For Iowa-native Peter Hedges, the cycles come in genres, novels, plays, and films.

He will read from his latest novel, The Heights, at 7 p.m. today in the Iowa City Public Library’s Meeting Room A, 123 S. Linn St. Admission is free.

“[Hedges] has some sort of inborn talent. He didn’t have to go to the Writers’ Workshop to get his abilities,” said Paul Ingram of Prairie Lights Books, 15 S. Dubuque St., which is sponsoring the event.

“He knows what story is, and he knows what funny is, and he knows how people talk. Those are really, really good things for a writer to have.”

The Heights is the story of Tim and Kate Welch, a middle-class couple living in the otherwise upscale Brooklyn Heights. Amid the cast of characters in the book is the city itself, which plays a distinct role.

“[Brooklyn Heights is] this remarkable place,” Hedges said in describing where he lives. “In many respects, it’s a small town. Just a Brooklyn Bridge away from one of the great cities in the world. It just seemed like a terrific place to test a marriage.”

For Hedges, who grew up in West Des Moines, home seems to play an important part in his writing. His first novel, What’s Eating Gilbert Grape, takes place in the fictional Endora, Iowa, a small town similar to the ones the author said he missed when he moved to New York.

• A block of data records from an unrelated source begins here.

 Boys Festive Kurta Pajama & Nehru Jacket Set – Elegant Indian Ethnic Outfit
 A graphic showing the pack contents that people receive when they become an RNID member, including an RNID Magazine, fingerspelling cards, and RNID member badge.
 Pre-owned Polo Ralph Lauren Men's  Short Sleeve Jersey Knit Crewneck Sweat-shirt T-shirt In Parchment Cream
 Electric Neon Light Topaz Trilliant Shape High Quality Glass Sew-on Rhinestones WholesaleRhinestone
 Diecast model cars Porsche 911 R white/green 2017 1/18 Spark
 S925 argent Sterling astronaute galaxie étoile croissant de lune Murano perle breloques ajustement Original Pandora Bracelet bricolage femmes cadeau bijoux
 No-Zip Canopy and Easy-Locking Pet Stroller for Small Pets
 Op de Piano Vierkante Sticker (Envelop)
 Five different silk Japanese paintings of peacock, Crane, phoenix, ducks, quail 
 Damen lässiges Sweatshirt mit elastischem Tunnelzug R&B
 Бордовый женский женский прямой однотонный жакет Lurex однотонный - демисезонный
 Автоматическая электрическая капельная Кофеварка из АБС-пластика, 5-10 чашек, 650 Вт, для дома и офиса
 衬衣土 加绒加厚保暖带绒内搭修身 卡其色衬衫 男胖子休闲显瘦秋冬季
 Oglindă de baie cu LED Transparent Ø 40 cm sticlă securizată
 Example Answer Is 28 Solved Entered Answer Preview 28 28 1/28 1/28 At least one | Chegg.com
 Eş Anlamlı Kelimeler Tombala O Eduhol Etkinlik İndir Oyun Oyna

“It’s not that I didn’t miss West Des Moines, but I always kept thinking about those small towns where my grandparents lived. I was drawn to writing about those towns,” he said. “I frequently went back to Iowa, got in the car, and drove to any small town, and soaked up the feel.”

In addition to his titles of novelist and playwright, Hedges is also an acclaimed screenwriter, having written the adaptation of What’s Eating Gilbert Grape and cowritten that of Nick Hornby’s About a Boy. He also wrote and directed Pieces of April and cowrote and directed Dan in Real Life.

“Novel writing is at times a rather lonely act, and much of the time, I enjoy the solitude that writing novels affords,” he said. “But it’s also pretty fantastic once in a while to go to creative war with a bunch of people you admire and tell a story on film.”

Hedges, who originally trained as an actor, was drawn to film but didn’t find a way to break into the medium until he was approached to adapt Gilbert Grape. Adapting a book, especially his own, presented unique problems for him — he was a first-time screenwriter when he wrote the screenplay.

“With a novel, you can’t film every moment,” the author said. “It would be a 20-hour movie if you did, so you have to exercise a very rigorous editorial muscle.”

The challenges, however, were worth it for Hedges.

“Yes, it was difficult,” he said. “But everything worthwhile in my life has been difficult.”